In my understanding a DR site means an alternate location with hot or cold standby systems, the recovery plan for business continuity is depending on their RTO and RPO.Unless an RPO and RTO are defined for IT services noboby could picture o solution for such cases. In general solutions are dependent of TB of data to be assured on remote site, basically there are many practices for assuring storage space in DR in case you would need to recover:- cold backup with ESXi that sustain test and development environment physically placed in DR, in case fast recover is mandatory, they could destroy the test/develop environment and restore data from scratch with VTL replicated in DR (backup and restore with 4TB/hour or more). The single point to be assured is correct IP addressing (test/develop could be treated as untrust zone and separated with VLAN and/or firewalls). You can use data protect and snapshots for VM, backup to tape, replicate virtual tapes and restore in case of a disaster (full recovery)- hot backup means CPU and storage for backup DR purposes but can be more faster, but cost a lot of money $$$$$$- rent some storage space and CPU from Cloud vendors, use as they need, maybee the DR location can be in the Cloud provider Data Center but data confidentiality can be a showstopper.
My proposal is to investigate the 1st option with fast backup of data snapshots (space efficiency if dedupe or data compression are available at production site at storage level) and sent them to a restore solution at remote site (virtual backups), restore ops must be tested from time to time to validate business data (not only apps).For fast backups you can try VTL or NFS appliances that include replication services, the bandwidth between sites must accommodate fast delivery to remote site (to assure that RPO and RTO, including restore times are met).

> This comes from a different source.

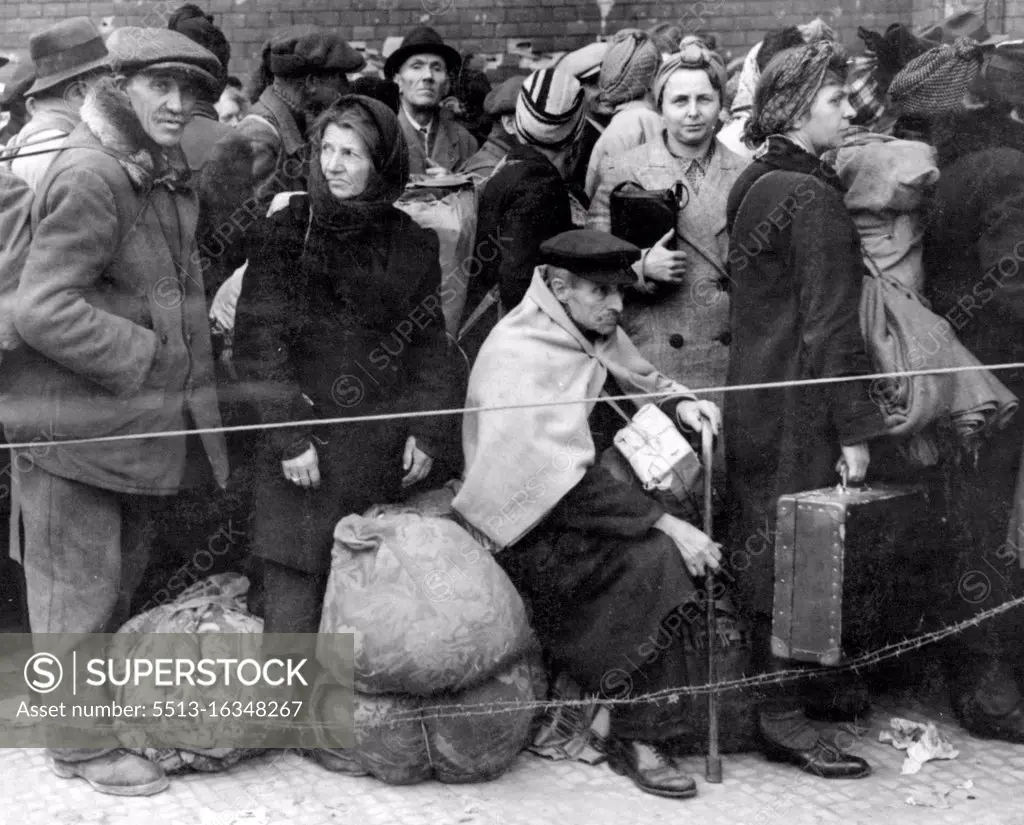 German DPS - German displaced persons, carrying Their few belongings, crowd behind a Rope and double strand of barbed wire as they wait in Berlin's Anhalter Station to ***** The German capital. October 22, 1945. (Photo by Associated Press Photo).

I would not recommend a SW solution to replicate VM because if no storage is existing in DR dedicated for this purpose it make no sense to think on such solutions.The 2nd option if to address disk space and CPU needed with Cloud providers, otherwise disk space for VM and user data must be assured always in DR.
Hello,
I suggest taking a look at VMware - Actifio, It might be an option for the
environment you are working at. The minimum data backup for Actifio is
10TB. If your environment smaller than 10TB it will not work.